Erique F.
Yelp
My family and I found this little gem in New Braunfels, TX. It has great potential, but the kitchen needs some work.
Ambiance: The ambiance was quite nice. The building and general area have history. The huge fireplaces and taxidermied animals adorning the walls make it feel like you are in an upscale hunting lodge. We went during the cold season, around Christmas time. When you check in, you are taken down long halls and through various seating areas. The halls were quite drafty, as the raging fireplaces wrestle with wide open doors in an attempt to regulate the temperature. Oddly enough, it adds to the rustic charm. The seating area itself was comfortable and not drafty at all.
The waitress was very nice and helpful, albeit a little frumpy in appearance, looking more like a waitress you would encounter in a roadside diner than a restaurant that was attempting to offer an elevated dining experience.
For my order, I wanted something light. I ordered their, "award winning" tortilla soup. The waitress suggested a side of garlic bread. I'm glad she did. The garlic bread was absolutely delicious and quite possibly the best garlic bread I've ever eaten. The menu didn't state what award(s) the soup won, but if it was the same soup I was served, then I can only imagine it won an award for being the most bland soup in Texas, and/ or possibly the most confused soup. Mind you, I am scrutinizing the food with a chef's eye. Firstly, the soup had absolutely no seasoning whatsoever. On top of the soup were big, clunky, bland chunks of avocado, tortilla strips stuck in where they could fit them; the presentation was a mess. This soup could be award winning if they just change a few things. Flavorless raw avocado does nothing for a flavorless soup. If they season the soup properly, and rather than throwing chunky slices of avocado on top, make a guacamole purée out of it. A dollop of the purée next to a dollop of crème fraiche with tortilla strips placed with a bit of finesse and some seasoning in the soup itself would transform that soup. Then it might actually win some awards.
My adult children ordered steaks. One medium, one medium rare. Medium was cooked fine, but the medium rare is something that average restaurants very rarely cook properly; the better establishments know how to properly cook their proteins. This is not a better establishment. The waitress offered to take it back and get a new one cooked. Having worked in the culinary world for as long as I have and seen the things I've seen, me and my family have a rule that we never send food back. The steak was at least not dry, but did not have the flavor or texture you get with a proper mid-rare cook.
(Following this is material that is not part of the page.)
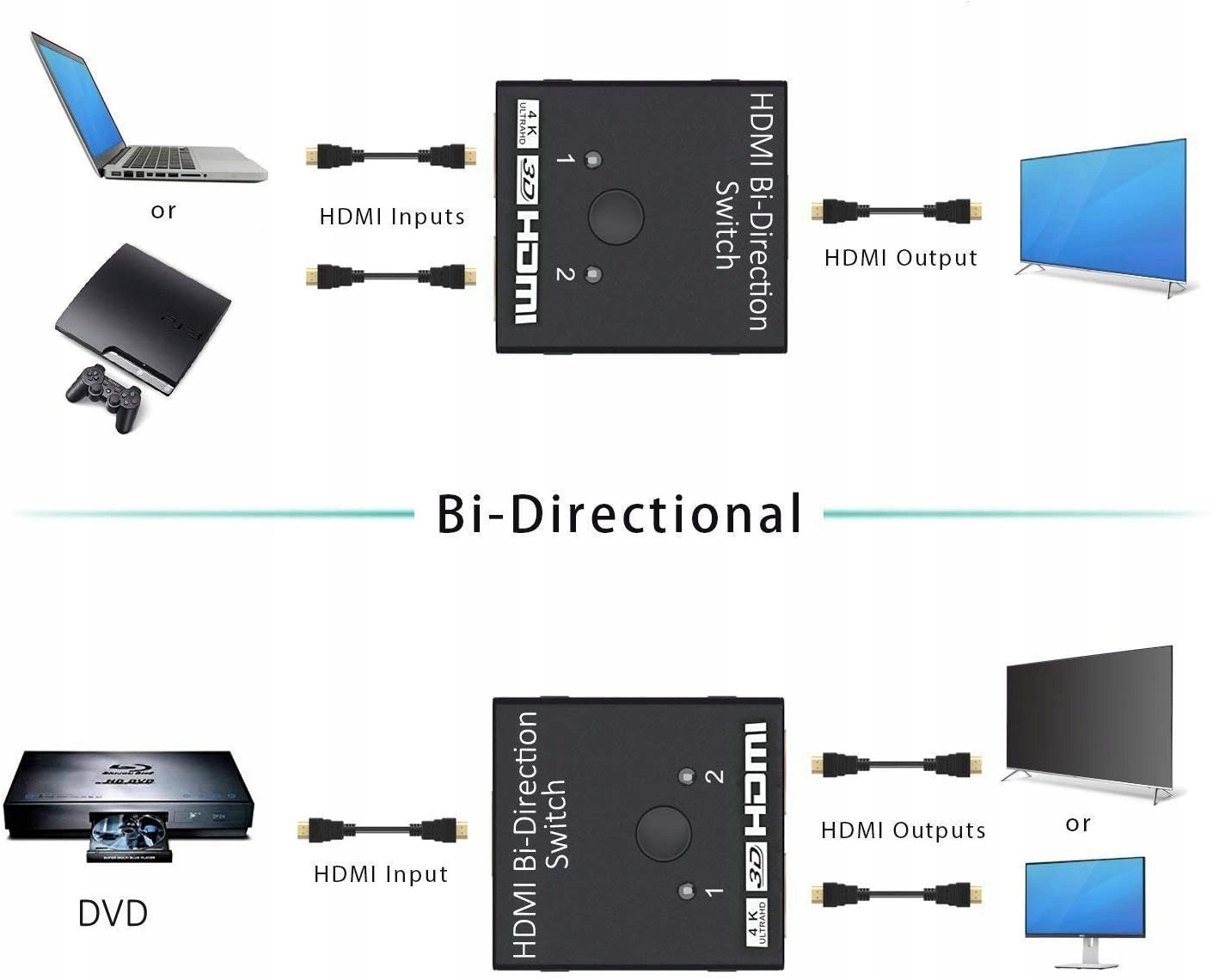 Switch HDMI 2x1 Rozdzielacz Splitter 4Kx2K full HD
Then there were the "original round cut fries." These are thin-ish slices of potato. They were all different sizes and thicknesses. This of course meant that they all had different cook times. As a result, smaller thinner pieces were burnt to a crisp and the thicker ones were soft and had as much flavor as chewing on a piece of styrofoam. What does this place have against seasoning? If they coated these in a light, seasoned batter and cut them uniformly then they would have a good product. As they are, they simply taste like they don't care.
My son said that the mashed potatoes were good.
My wife ordered a cheeseburger with the same, unsatisfying round fries. There was nothing good or bad to say about the burger; it was your basic cheeseburger.
Beer is all bottled; nothing on draft.
Pricing isn't bad. If they can improve on the quality of the food they could really be great.